# CPU Spannungswandlertemperaturen beim Extreme Overclocking



## SvenAmend (22. November 2013)

Hallo liebe extrem Overclocker, 

da mich Overclocking im allgemeinen bzw. Extremoverclocking im speziellen sehr interessiert, wollte ich einfach mal bei den Profis fragen ob ihr beim LN2 benchen eigentlich schon mal die Temperaturen der CPU Spannungswandler auf dem Mainboard gemessen habt?


----------



## der8auer (22. November 2013)

Wenn man LN2 verwendet wird die ganze Wärme des Boards komplett über den Pot abgeführt. Bei CPU Temperaturen von -110°C bis -190°C hat das Board meist nur noch +5 bis +10°C. Oft sogar Temperaturen unter 0°C.

Die Spannungswandler sind auch komplett ohne Kühlung dementsprechend kalt.

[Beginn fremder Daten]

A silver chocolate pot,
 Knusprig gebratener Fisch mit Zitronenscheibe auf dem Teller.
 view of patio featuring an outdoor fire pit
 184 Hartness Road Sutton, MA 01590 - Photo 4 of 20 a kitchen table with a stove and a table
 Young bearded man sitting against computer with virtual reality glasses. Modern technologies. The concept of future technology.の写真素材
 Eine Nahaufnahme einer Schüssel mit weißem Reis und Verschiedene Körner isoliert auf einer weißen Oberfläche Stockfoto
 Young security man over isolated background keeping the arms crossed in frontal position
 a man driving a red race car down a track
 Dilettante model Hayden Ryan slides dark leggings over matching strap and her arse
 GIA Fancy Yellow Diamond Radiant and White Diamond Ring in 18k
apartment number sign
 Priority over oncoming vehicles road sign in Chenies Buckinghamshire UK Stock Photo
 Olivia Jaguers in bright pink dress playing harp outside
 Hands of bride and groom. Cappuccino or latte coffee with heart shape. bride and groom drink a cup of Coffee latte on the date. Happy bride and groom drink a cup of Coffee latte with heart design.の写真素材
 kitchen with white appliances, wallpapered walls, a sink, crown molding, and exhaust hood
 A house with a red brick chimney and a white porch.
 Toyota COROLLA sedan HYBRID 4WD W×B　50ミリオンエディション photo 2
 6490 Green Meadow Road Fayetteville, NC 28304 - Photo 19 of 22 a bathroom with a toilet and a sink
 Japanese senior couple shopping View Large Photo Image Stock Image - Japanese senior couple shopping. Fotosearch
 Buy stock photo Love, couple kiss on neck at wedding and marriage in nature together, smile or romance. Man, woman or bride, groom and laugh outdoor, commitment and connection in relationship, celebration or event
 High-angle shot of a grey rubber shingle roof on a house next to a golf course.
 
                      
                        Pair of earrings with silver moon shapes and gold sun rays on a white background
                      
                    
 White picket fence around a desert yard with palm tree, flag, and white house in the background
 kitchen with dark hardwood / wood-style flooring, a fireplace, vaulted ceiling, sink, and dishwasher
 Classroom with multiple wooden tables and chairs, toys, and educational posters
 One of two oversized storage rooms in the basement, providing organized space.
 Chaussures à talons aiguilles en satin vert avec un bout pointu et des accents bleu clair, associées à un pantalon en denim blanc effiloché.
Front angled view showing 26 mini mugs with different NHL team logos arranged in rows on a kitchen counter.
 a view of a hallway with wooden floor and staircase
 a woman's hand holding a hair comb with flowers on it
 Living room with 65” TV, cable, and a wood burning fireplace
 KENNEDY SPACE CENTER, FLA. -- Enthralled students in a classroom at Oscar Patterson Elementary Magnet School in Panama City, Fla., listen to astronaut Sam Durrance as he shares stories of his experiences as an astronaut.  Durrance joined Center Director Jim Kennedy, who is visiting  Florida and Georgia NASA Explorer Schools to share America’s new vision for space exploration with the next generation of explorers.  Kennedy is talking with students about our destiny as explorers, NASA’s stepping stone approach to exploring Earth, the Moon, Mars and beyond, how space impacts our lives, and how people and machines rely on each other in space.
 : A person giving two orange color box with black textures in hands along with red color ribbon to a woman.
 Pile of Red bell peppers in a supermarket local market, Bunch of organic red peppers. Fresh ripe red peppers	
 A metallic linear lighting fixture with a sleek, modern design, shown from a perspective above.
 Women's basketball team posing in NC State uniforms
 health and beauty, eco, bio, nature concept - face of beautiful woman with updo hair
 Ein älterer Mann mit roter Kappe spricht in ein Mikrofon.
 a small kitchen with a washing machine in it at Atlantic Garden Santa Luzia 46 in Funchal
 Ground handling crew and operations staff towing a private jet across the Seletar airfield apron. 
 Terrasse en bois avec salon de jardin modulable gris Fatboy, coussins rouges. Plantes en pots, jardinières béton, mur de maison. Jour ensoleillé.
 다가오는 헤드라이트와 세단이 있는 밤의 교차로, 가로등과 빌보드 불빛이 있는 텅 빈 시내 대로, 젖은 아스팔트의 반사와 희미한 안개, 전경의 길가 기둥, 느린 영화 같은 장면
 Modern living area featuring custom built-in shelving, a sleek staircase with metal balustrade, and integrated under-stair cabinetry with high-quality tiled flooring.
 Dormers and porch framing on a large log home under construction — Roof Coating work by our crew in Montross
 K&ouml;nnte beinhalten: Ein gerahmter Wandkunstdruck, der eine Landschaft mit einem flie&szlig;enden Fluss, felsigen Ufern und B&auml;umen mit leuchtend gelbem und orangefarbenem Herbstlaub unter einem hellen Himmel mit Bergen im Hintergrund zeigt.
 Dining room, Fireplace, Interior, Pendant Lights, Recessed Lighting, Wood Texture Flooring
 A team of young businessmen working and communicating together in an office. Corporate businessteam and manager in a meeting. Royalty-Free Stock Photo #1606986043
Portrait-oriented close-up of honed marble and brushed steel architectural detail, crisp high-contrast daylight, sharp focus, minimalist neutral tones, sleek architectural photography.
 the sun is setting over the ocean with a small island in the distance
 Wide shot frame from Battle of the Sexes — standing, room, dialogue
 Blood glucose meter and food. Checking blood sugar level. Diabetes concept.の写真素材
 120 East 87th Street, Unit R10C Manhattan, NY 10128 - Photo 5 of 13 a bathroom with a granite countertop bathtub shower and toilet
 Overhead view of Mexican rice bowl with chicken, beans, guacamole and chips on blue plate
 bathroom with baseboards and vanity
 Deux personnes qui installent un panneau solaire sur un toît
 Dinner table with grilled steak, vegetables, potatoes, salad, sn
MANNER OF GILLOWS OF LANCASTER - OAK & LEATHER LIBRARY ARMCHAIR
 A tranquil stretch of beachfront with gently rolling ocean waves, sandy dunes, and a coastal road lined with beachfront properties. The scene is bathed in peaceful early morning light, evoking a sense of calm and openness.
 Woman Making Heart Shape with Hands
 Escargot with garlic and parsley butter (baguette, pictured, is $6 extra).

Durch die geringe Temperatur fällt die Verlustleistung der CPU auch stark ab. Dadurch werden die Spannungswandler bei weitem nicht so stark belastet wie manche sich das vorstellen.


----------



## SvenAmend (22. November 2013)

Interesannt, dachte mir zwar schon dass durch das LN2 die Umgebung relativ kühl wird, aber die Spannungswandler offenbar so kühl bleiben, dass sogar 2V auf der CPU den Spannungswandlern keinen Hitztod bescheren.


----------



## der8auer (22. November 2013)

Beim ASUS Maximus V Extreme (Ivy Bridge) gab es sogar das Problem, dass die Spannungswandler zu kalt wurden. Bei negativen Temperaturen gab es das Problem, dass die Spannungswandler komplett durchgeschalten haben und die CPU sofort tot war. Also mussten zum Benchen immer die Kühler der Spannungswandler entfernt werden. Unter Last hatten die dann so um die 0°C und alles war gut


----------



## Coldhardt (22. November 2013)

der8auer schrieb:


> Beim ASUS Maximus V Extreme (Ivy Bridge) gab es sogar das Problem, dass die Spannungswandler zu kalt wurden. Bei negativen Temperaturen gab es das Problem, dass die Spannungswandler komplett durchgeschalten haben und die CPU sofort tot war. Also mussten zum Benchen immer die Kühler der Spannungswandler entfernt werden. Unter Last hatten die dann so um die 0°C und alles war gut



Das ist ja mal interessant 

Wieviel Volt geben die Spannungswandler denn dann an die CPU weiter? Die vollen 12V?


----------



## rossi1002 (23. November 2013)

Da kann man ja schon fast die Spawas unter Wasser setzen und damit "wärmen"


----------



## PCGH_Stephan (25. November 2013)

Das gilt wohlgemerkt für längere LN2-Sessions, bei schwächeren Extremkühlungen ist die Kühlung über das PCB geringer ausgeprägt. Bei Verwendung einer üblichen Kompressorkühlung bin ich mit aktiver Belüftung bisher immer gut gefahren.

Modding-Tüftler TiN hat mal (vor mittlerweile fast vier Jahren - wie die Zeit vergeht ... ) in der Praxis geprüft, wie stark das Kälteverhalten von Kondensatoren variiert: LN2 capacitor testing - kingpincooling.com


----------



## Knaeckebrot93 (26. November 2013)

Kann man die Temperatur der Spannungswandler irgendwie mit nem Programm auslesen ,oder kann man die nur manuell mit nem Messgerät ermitteln?
Würde mich nämlich interessieren wie warm die bei mir werden ^^.


----------



## der8auer (26. November 2013)

Im Normalfall kannst du diese nicht auslesen.


----------



## Stoffel01 (17. Dezember 2013)

Ein Infrarot bzw Laserthermometer sind für diese Zwecke recht gut geeignet


----------